» Aim of the task: Look below for the line containing "Single-family house For". Write out that line and the rest through the last one, exactly as they appear, but without pictures.

» Record excerpts:
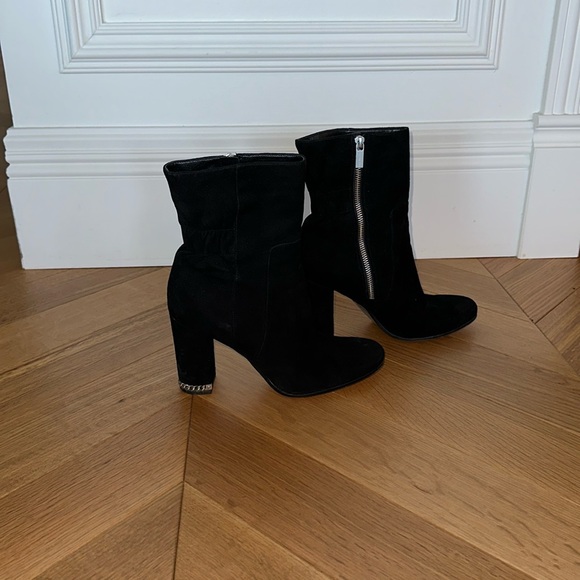 Michael Kors black suede booties, size 8,5, 2,5 inches heel (inside) - Picture 2 of 5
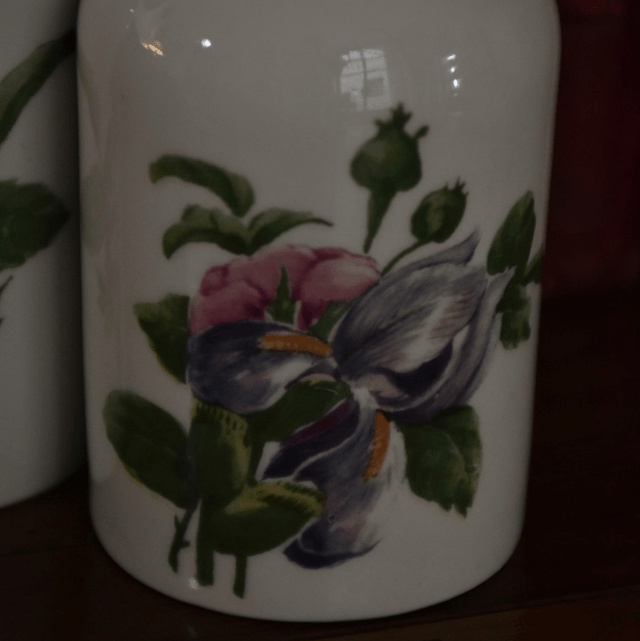 Ensemble de 2 Flacons en Porcelaine de Paris – Vintage en Très Bon État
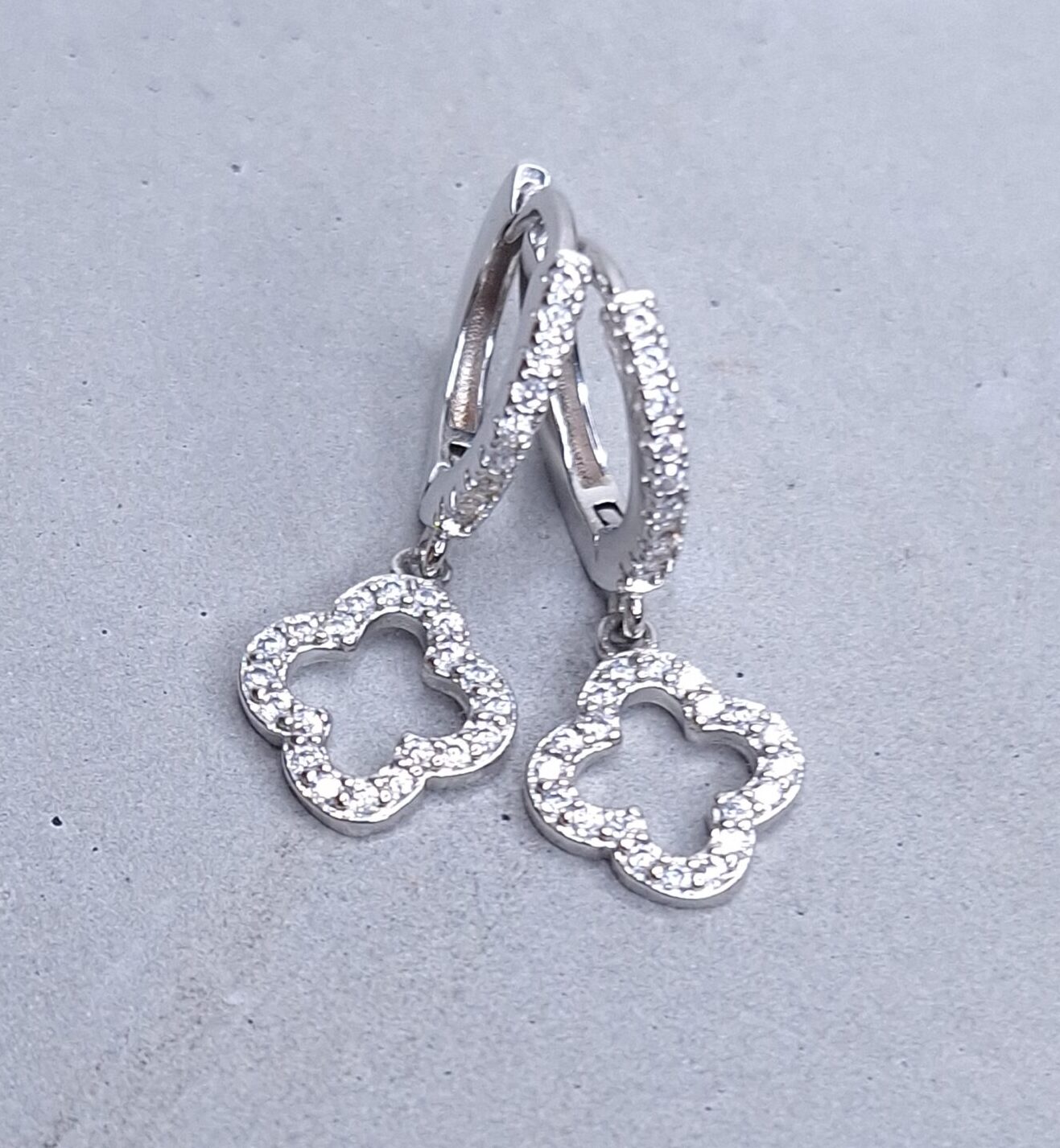 Brinco argola e trevo cravejados 12mm B. ródio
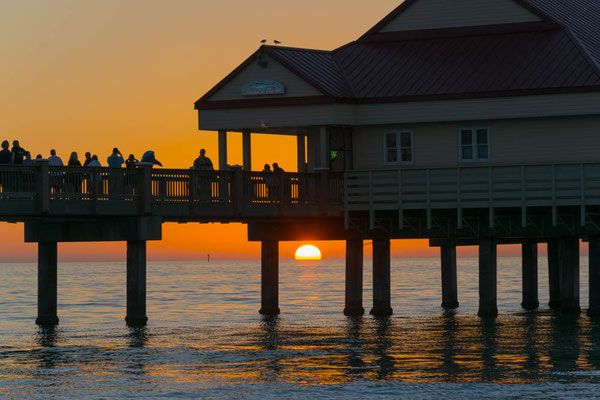Die Pier 60 im Sonnenuntergang.
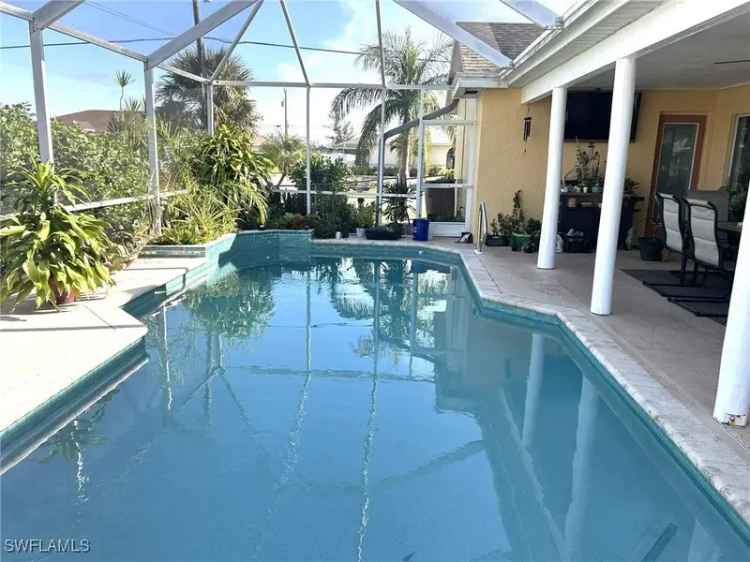 Single-family house For Sale in 1203, Southwest 35th Street, Cape Coral, Florida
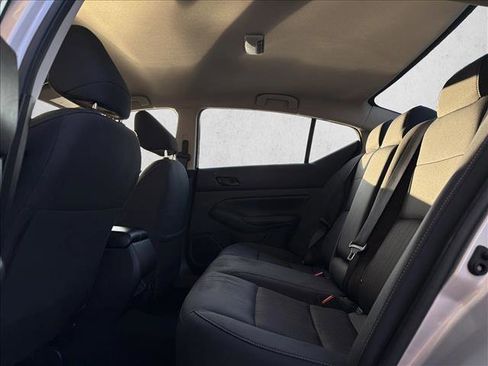 Used 2024 Nissan Altima 2.5 SV image 22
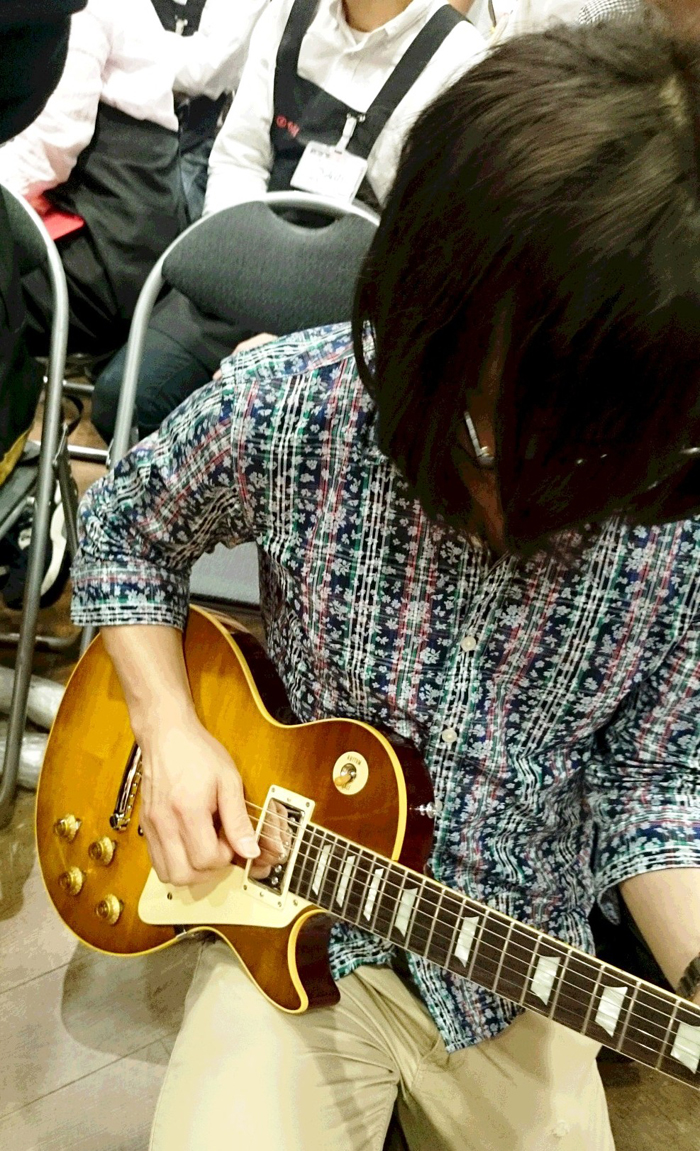 726894 B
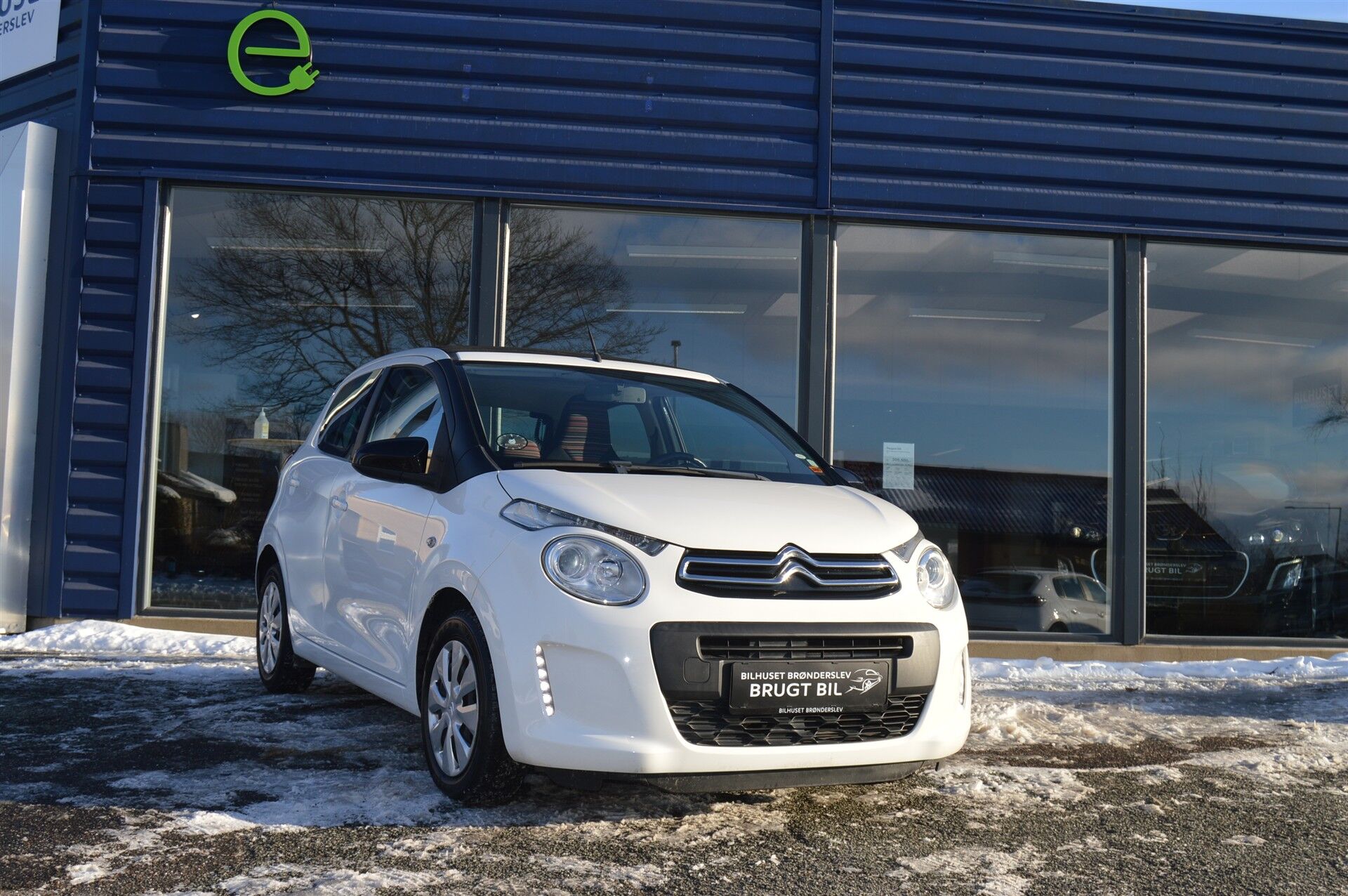 Billede af Citroën C1 1,0 VTi Funky Airscape start/stop 68HK 5d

» Solution for this exercise:
 Single-family house For Sale in 1203, Southwest 35th Street, Cape Coral, Florida
 Used 2024 Nissan Altima 2.5 SV image 22
 726894 B
 Billede af Citroën C1 1,0 VTi Funky Airscape start/stop 68HK 5d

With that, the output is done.